## What you are asked to do
From the entries below, return only the lines starting at the one that contains "Excited friends after girl gets engaged" and ending at the one that contains "People clash with", exactly as they stand.

*** Exercise input Section Begins ***

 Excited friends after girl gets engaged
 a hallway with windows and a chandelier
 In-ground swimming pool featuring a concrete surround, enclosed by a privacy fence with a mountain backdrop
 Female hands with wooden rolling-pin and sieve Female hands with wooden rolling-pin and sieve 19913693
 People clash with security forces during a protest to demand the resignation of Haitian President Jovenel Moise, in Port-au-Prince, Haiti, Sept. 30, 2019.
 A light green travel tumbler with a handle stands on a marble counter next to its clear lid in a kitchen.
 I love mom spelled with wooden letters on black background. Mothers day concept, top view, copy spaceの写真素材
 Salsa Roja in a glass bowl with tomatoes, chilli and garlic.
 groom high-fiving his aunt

*** Exercise input Section Ends ***
*** Exercise input Section Begins ***

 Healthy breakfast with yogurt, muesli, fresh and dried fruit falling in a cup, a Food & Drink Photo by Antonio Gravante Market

*** Exercise input Section Ends ***
*** Exercise input Section Begins ***

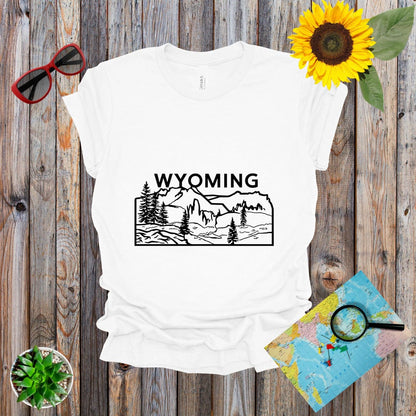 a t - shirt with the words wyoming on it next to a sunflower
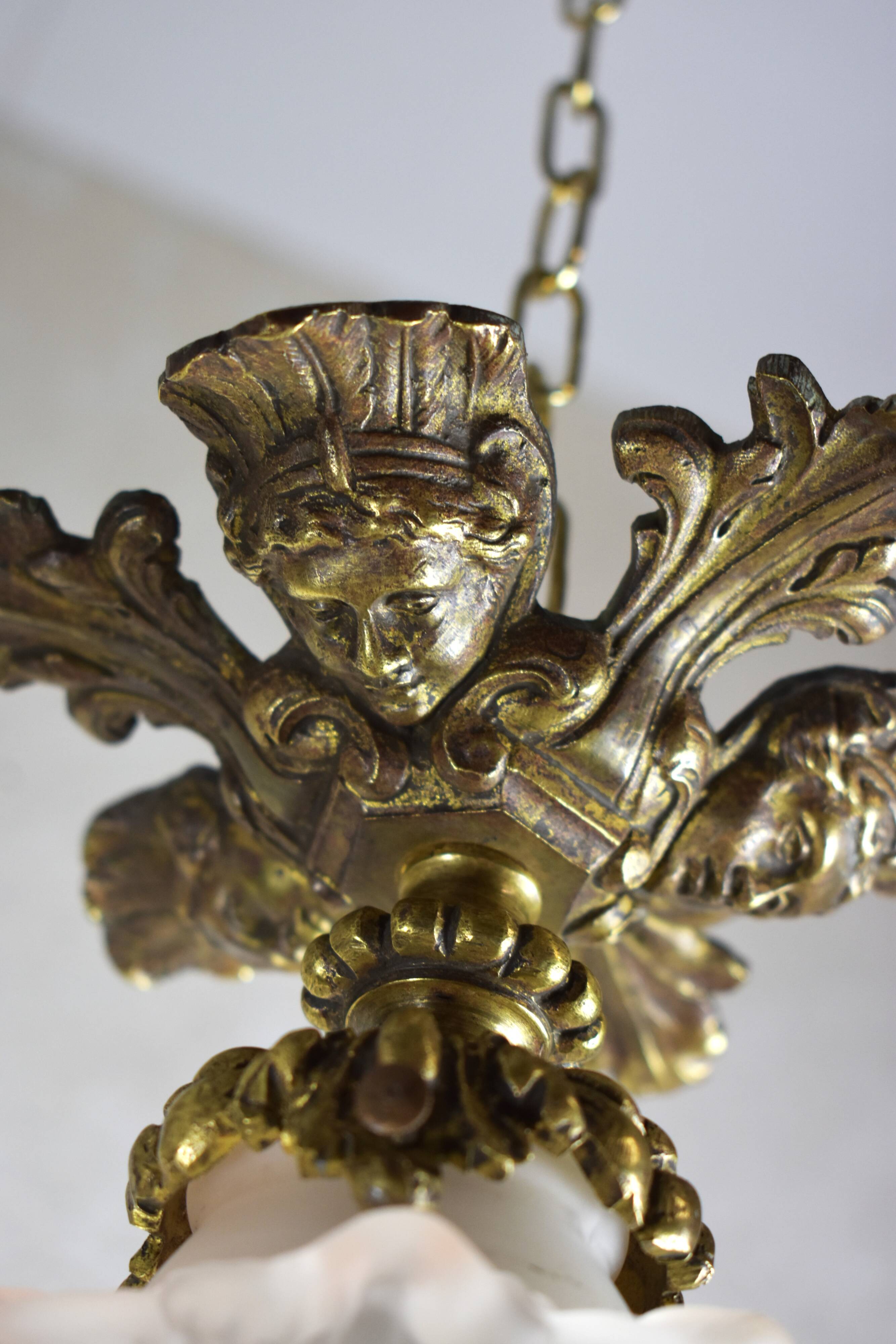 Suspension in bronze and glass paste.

*** Exercise input Section Ends ***

## Output
 Excited friends after girl gets engaged
 a hallway with windows and a chandelier
 In-ground swimming pool featuring a concrete surround, enclosed by a privacy fence with a mountain backdrop
 Female hands with wooden rolling-pin and sieve Female hands with wooden rolling-pin and sieve 19913693
 People clash with security forces during a protest to demand the resignation of Haitian President Jovenel Moise, in Port-au-Prince, Haiti, Sept. 30, 2019.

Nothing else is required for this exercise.